義母のひとこと(1)「仕事なんか辞めて…」その一言があったからこそ仕事を続けた
20歳で会社に入り、結婚まで一生懸命に働きました。それこそ我武者羅です。なんとか上手くなりたい、もっと書けるようになりたいと、平日は8時前には出社し、終電まで働き、自宅に仕事を持ち帰ることもしばしばでした。今で言うとブラックですね。でも自分のため、という気持ちも大きかったと思います。
結婚しても仕事を続け、27歳で長男を出産する前まで働き、産休に入りました。その頃のデザイン業界は結婚している人も少なければ、出産している人はもっと少ないのが現状。不規則な仕事であることを考えると、当然なことだったと思います。そんな中での産休は非常に取りにくいものでしたが、当時の社長から「どのくらい休んでもいいから、復職してください」と言われたこともあり、復職するつもりでした。私の母も、義母も共働きだったので仕事を続けることは当たり前だったし、それまでのキャリアを捨てるつもりもありませんでした。
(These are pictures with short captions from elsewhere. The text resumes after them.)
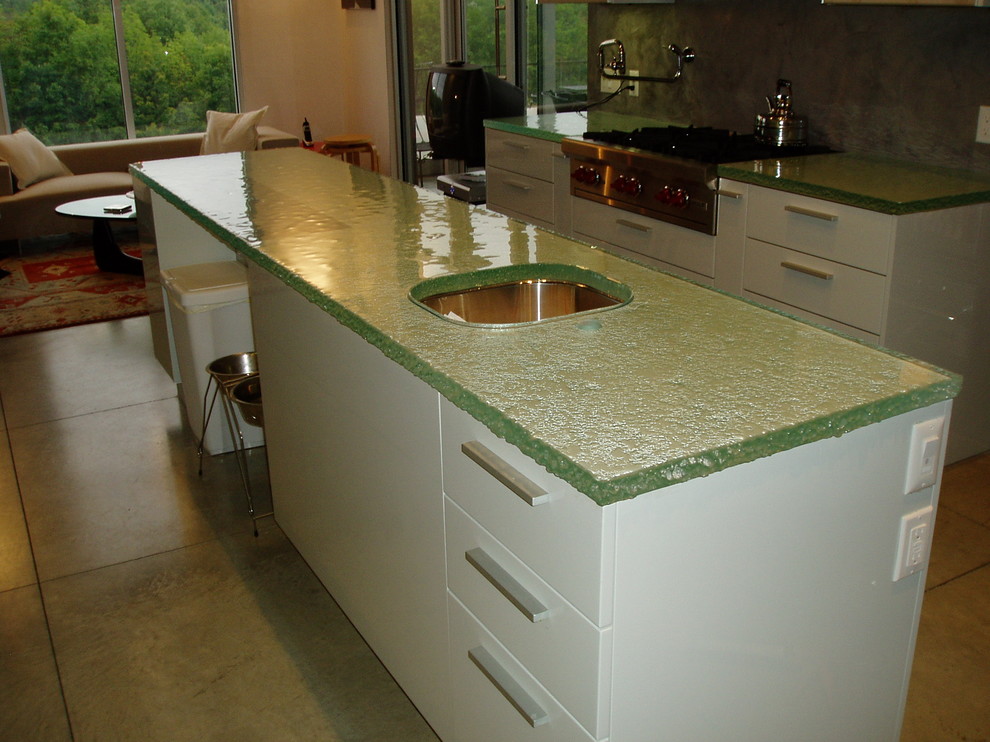 Inspiration for a contemporary l-shaped eat-in kitchen in New York with an integrated sink and glass benchtops.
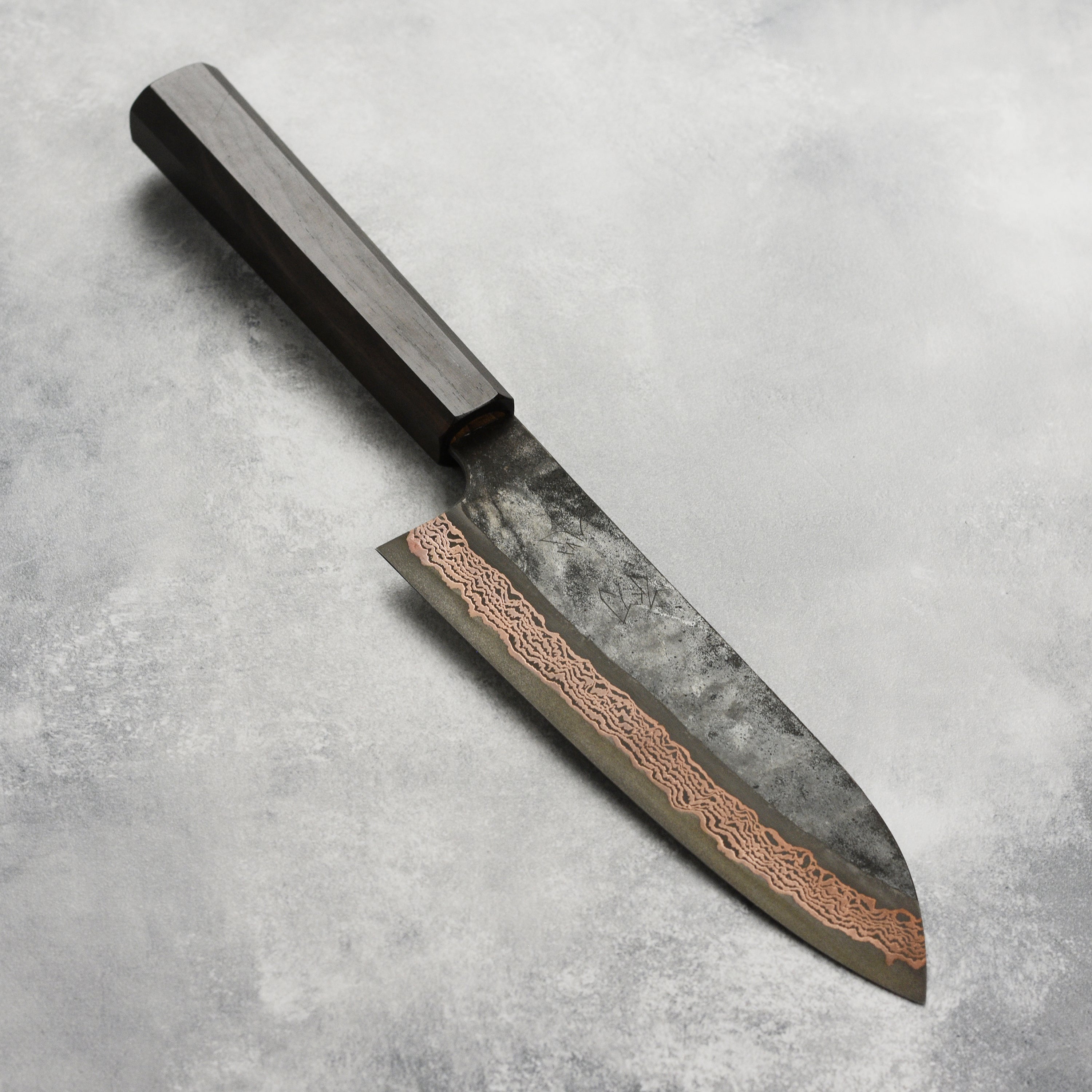 Hatsukokoro Copper Damascus Santoku Knife from the side, showcasing its sharp blade and elegant design.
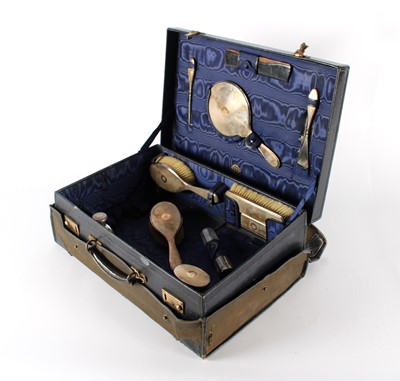 Lot 25 - A George V Silver Mounted Travelling Vanity Set in Fitted Case Retailed by Finnigans of Manchester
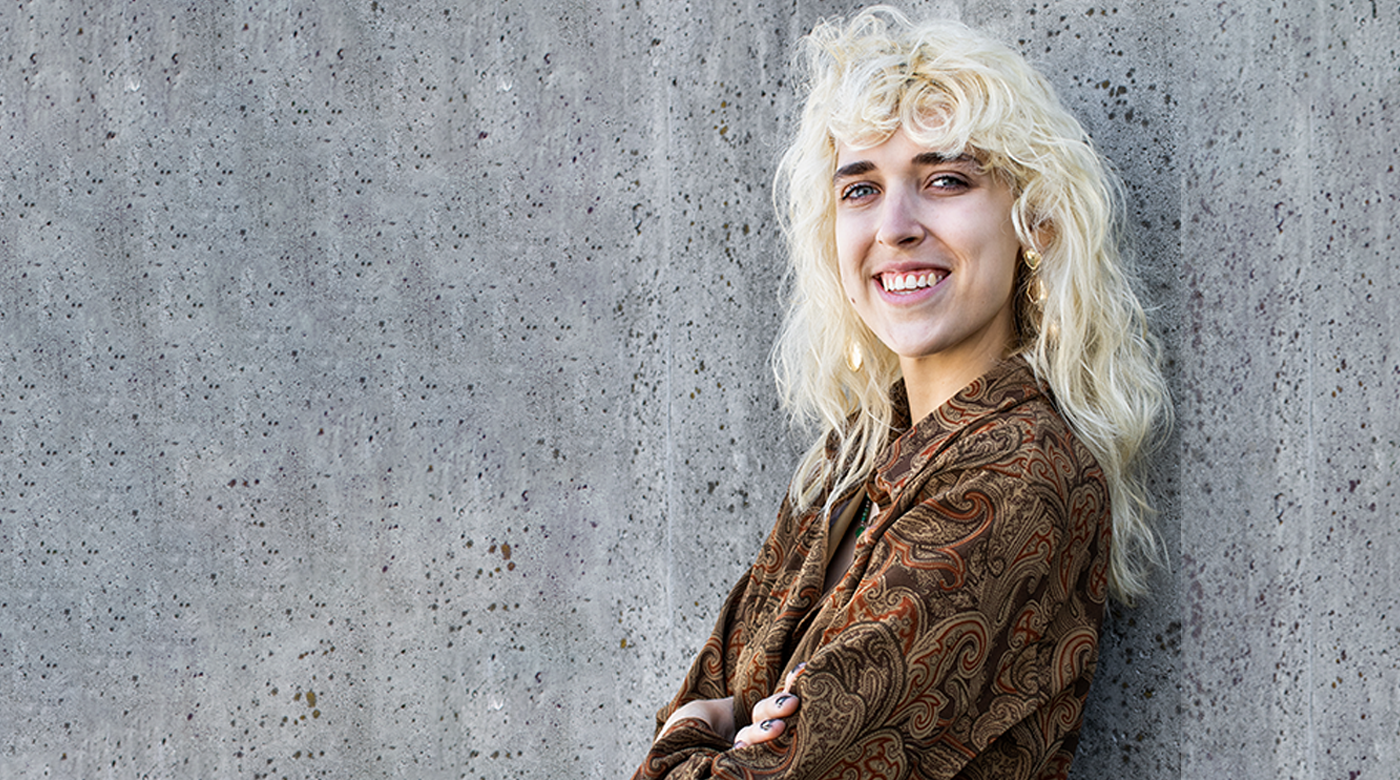 Peyton Noreen is leaning against a concrete wall with arms folded, a bright smile, and wearing a brown button up shirt with a paisley like pattern.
ところが出産で大量に出血したために産後がツラく、出産5カ月前に母を亡くしたダメージもあり、産後1年ほどは精神的に相当まいってしまいました。今思えば、あれは産後ウツではなかったかと思います。子どもが生まれて楽しいはずが、結構ツラい日々でした。1年半の産休が明ける前には長男を11カ月で保育園に入れ、準備は進めていたものの、復職するかどうかを悩む日々。そんな中で義母が言ったのが、この一言。
「仕事なんか辞めて、家で育てんと!(育てないと)」
えっ!「なんか」って何?人が一生懸命にしてきた仕事を、「なんか」の一言で片づけるの?さらに、独身の頃から私の仕事ぶりを見てきたダンナが「そうね」と同意したことに腹も立ったし、「ここに私の味方はいないのか」と空しくもなりました。27年前のこととはいえ、今でも鮮明に思いだす屈辱的な一言です。今なら義母に悪気がないこともわかるし、「お義母さん『なんか』って言わんで(言わないで)!」と強く反論もできますが、当時はできませんでした。
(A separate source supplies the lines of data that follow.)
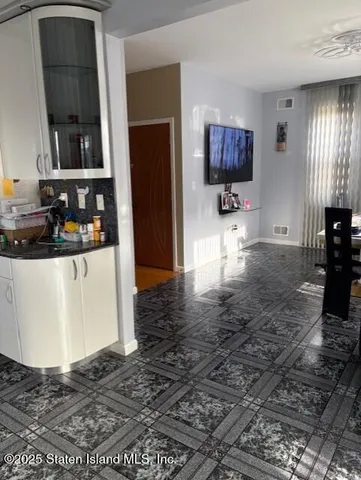 a white toilet sitting next to a bathroom sink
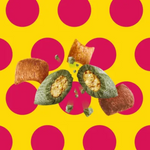 Fried food items on a yellow background with pink polka dots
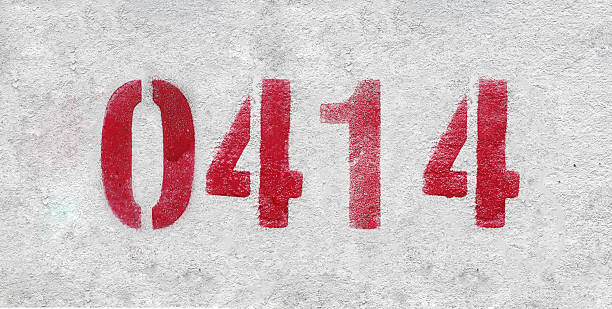 istock Red Number 0414 on the white wall. Spray paint. 2227213294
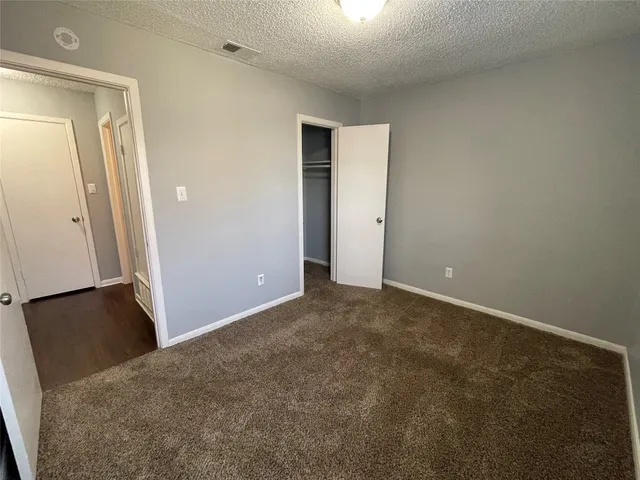 an empty room with closet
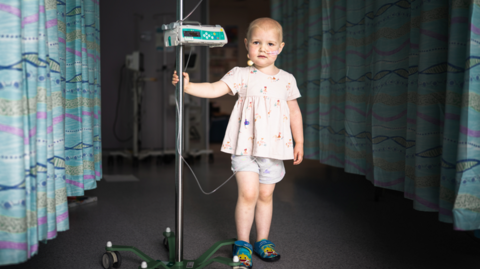 A photo of a little girl standing in the camera, she is wearing shorts and a top and holding onto a machine.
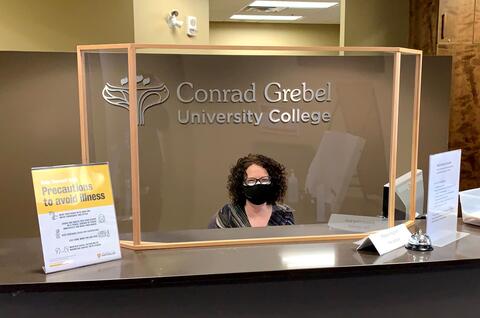Leanne sits at the Grebel front desk behind a plexiglass barrier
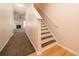 Hallway with stairs to the second floor, wood and carpet flooring at 5485 Sierra Trl, Atlanta, GA 30349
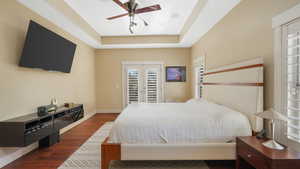 Bedroom with dark hardwood / wood-style flooring, french doors, a raised ceiling, access to outside, and ceiling fan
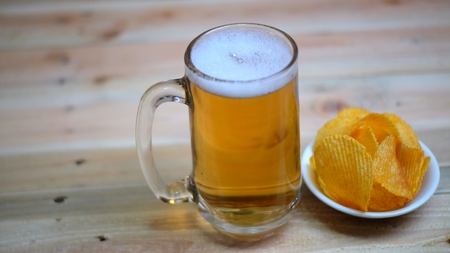 Glass tankard with lager beer and potato chip on an old wooden planksの写真素材
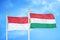 Indonesia and Hungary two flags on flagpoles and blue cloudy sky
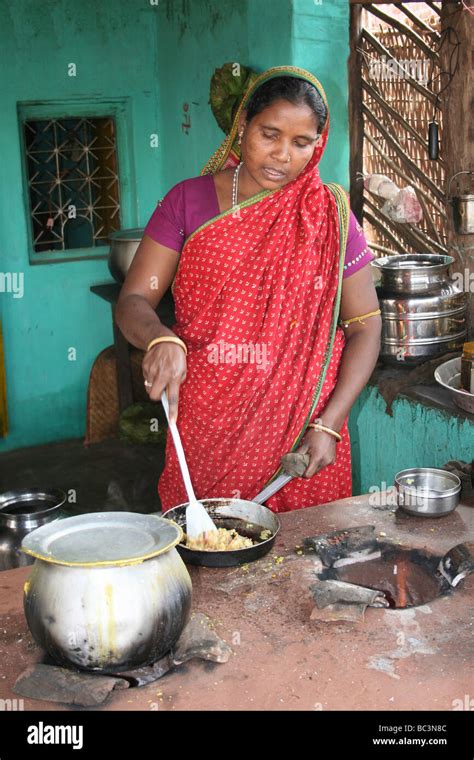 Indian lady cooking hi-res stock photography and images - Alamy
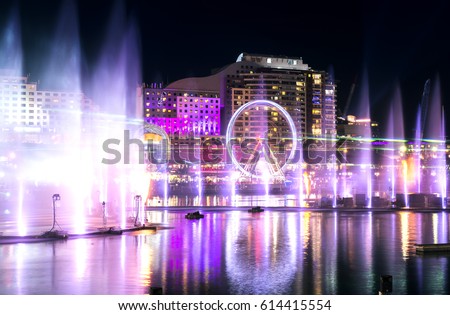 Light and water fountains show at Darling Harbour Royalty-Free Stock Photo #614415554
この一言で、いろいろ悩んでいた私の心は「仕事する!」に完璧に固まりました。子育てしながら仕事を続けるのは大変でしたが、「もう二度と言わせない」との思いがあったから、頑張れたと思います。
あれから25年ほどたったお正月のこと。年始にも関わらず、ダンナの実家で原稿を書いていた時に、義母が何をしているのかと聞いてきました。仕事の内容をザッと教えると…
「あんたエライね、難しい仕事をして。いつから、こんな仕事をしよる?」
「昔からずっとよ!今さら?」
笑ってしまいました。何度か説明はしたはずですが、コピーライターという仕事を理解していなかったようです。この時にやっと、義母の中では「仕事なんか」じゃなくなったんだろうと思います。ちょっとうれしい出来事でした。